Maybe the people who are ordering these monsters, which will not secure their monstrous deck loads in any different fashion to that that has prevailed for the past 50 years, don't believe the meteorologists. Maybe they sort of shut their eyes and ears to what seafarers tell them and think that size trumps outdated sea sense.
Like container fires, which don't happen often (one serious incident every six weeks), they allow themselves to be comforted by the laws of spurious percentages. Or is it that they have become totally focussed upon the payload, or the horsepower, or the unit cost, with the seaworthiness of a design regarded almost as an afterthought?
But it's not just those designing containerships in a desperate search for lowest unit costs, who are ignoring what the weather people tell them. Look at the number of curious designs that emerge with the bridge upon the forecastle, horribly vulnerable to green head seas, even though the superstructure protects what is stowed behind it.
Obviously, that is the point of such a configuration, but you wouldn't want to sail in anything so designed. There are ships with almost no poop, once again utterly exposed to a following sea.
Big ships don't get pooped? There was a sad report by the Maltese authorities just the other day of a double fatality on a bulker in the Norwegian Sea where the mate and a seaman were swept to their deaths over the poop, just like they were in sailing ship days.

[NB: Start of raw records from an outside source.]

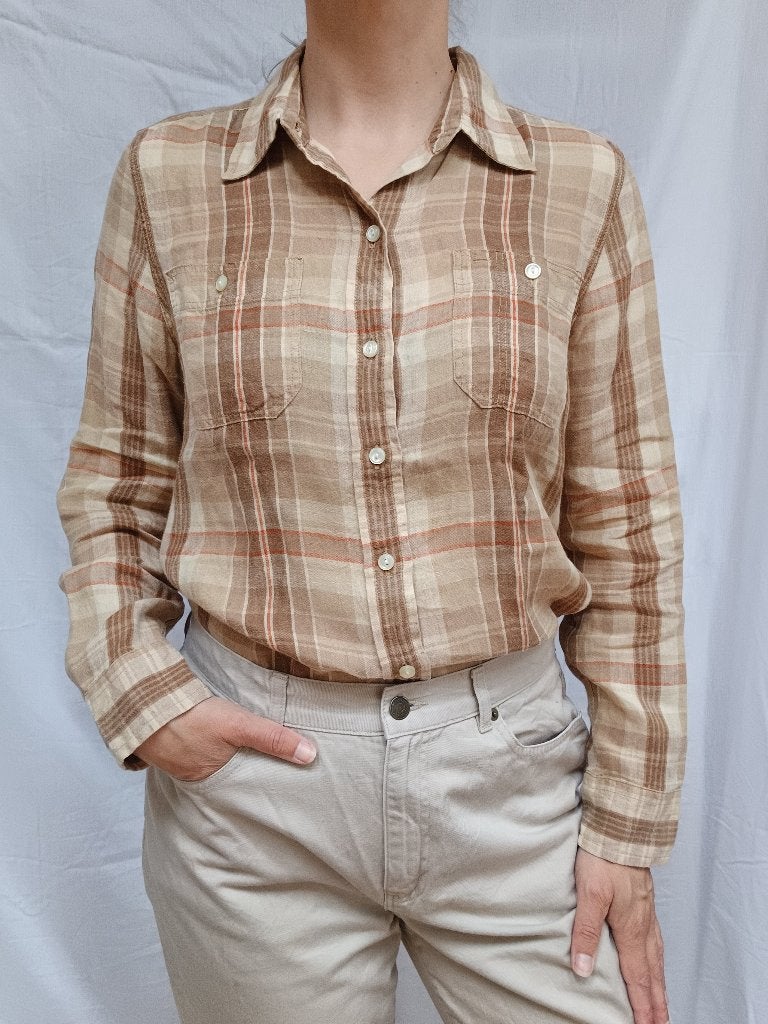 Lauren Ralph Lauren overhemd blouse maat M, Maat 38/40 (M), Bruin, Ophalen of Verzenden, Zo goed als nieuw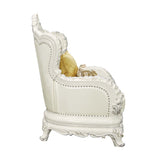 Adara Pearl White Synthetic Leather & Antique White Finish Chair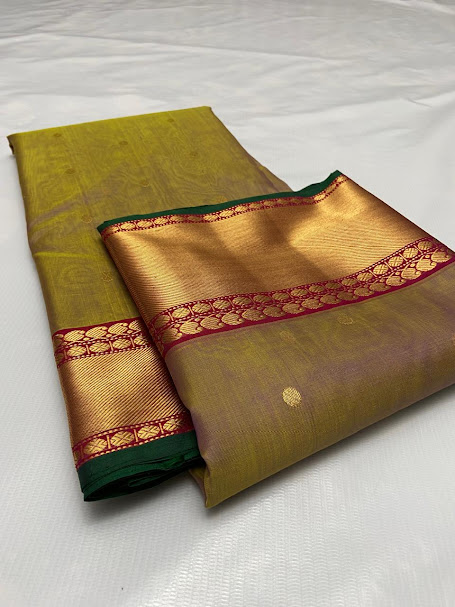 Dual Tone Bronze Chanderi Handloom Katan Silk Nakshi Saree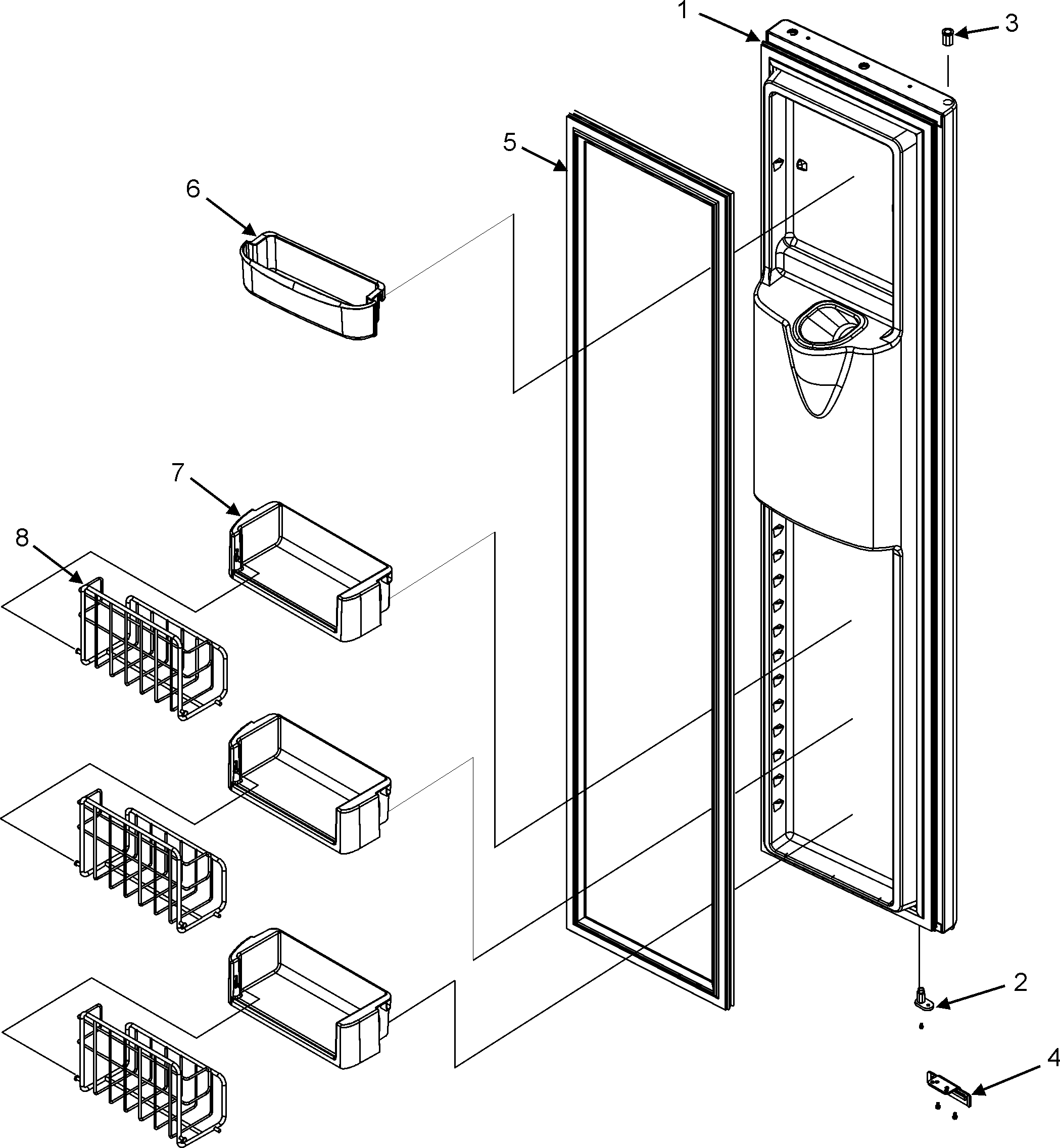 Jenn-Air JCD2297KEY freezer door (interior) diagram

It is a matter of better weather reports being transmitted faster to those at sea, some suggest. That would be helpful, no doubt, but a ship designed by somebody who thinks of weather in the abstract, needs a lot of time and sea room if it is to escape a battering. And when a less resilient ship perhaps goes, "the long way around," to avoid the possibility of horrible weather, her master will invariably get a roasting for his failure to meet the schedule, which is entirely predictable, but rather unfair.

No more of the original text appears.